I suspect that the Millennial obsession with meaningful work slowly will come to an end anyway. Millennials have finally reached the family formation stage of the lifecycle. They will gain meaning and purpose from their families, rather than relying solely on work to fill the void that the lack of religion left behind.
Now that they’ve outgrown their inner-city one- or two-bedroom apartments, Millennials are looking for three- or four-bedroom dwellings. These dwellings aren’t available or affordable in the inner-city, and so Millennials are ‘hipsterising’ the urban fringe and regional Australia.
Home ownership will be the number one issue for Millennials throughout the 2020s, and Millennials will be the main driver of the housing market too. Since housing is extremely expensive, they’d be excused for asking the Bank of Mum and Dad for a little advance on their inheritance – this bank, of course, only has branches in the wealthier spheres of society. Maybe Millennials will inherit some money soon? After all, we hear a lot about some big wealth transfer occurring being imminent.
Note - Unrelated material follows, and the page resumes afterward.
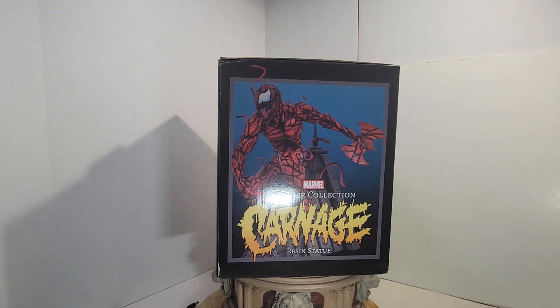Hello folks, back again with another unboxing. I'm still trying to get through these — it's a struggle sometimes, but I'm gonna get through all of them soon, I hope.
When will Millennials lose their parents and inherit money at scale? Not any time soon. The wealth transfer will occur when their mothers (who will outlive their husbands) die. At scale this will take place in the 2030s and 2040s. The peak year for intergenerational wealth transfer reaching the Millennials will be around 2041.
That’s another two decades out. Millennials will need to pay for housing themselves, and they will need to do so in an unaffordable environment and a housing market that is stacked against them.
Anger and frustration won’t fix any problems. I suspect that Millennials will instead continue to move away from the big cities to regional hubs, simply because that is where they can afford housing. The regional cities in turn will need to cope with an influx of population. There is a real chance that the Millennials’ need for family-sized housing is the long-hoped-for catalyst events that allows Australia to decentralise population growth.
This idea, of course, only works when we build massive infrastructure connecting the regions with the capital cities (much needed anyways to counteract the hollowing out of the workforce and create middle-skilled jobs).
Regional towns also must make enough land available to allow for growth to occur. If state and federal governments don’t encourage local governments to accommodate growth by investing in schools, hospitals, and other amenities we will see local leaders blocking regional development. If this were the case, Millennials would lose out yet again on another avenue of affordable housing.
Millennials are the largest tax paying group throughout the 2020s and have a right to demand that infrastructure is built that directly improves their lives.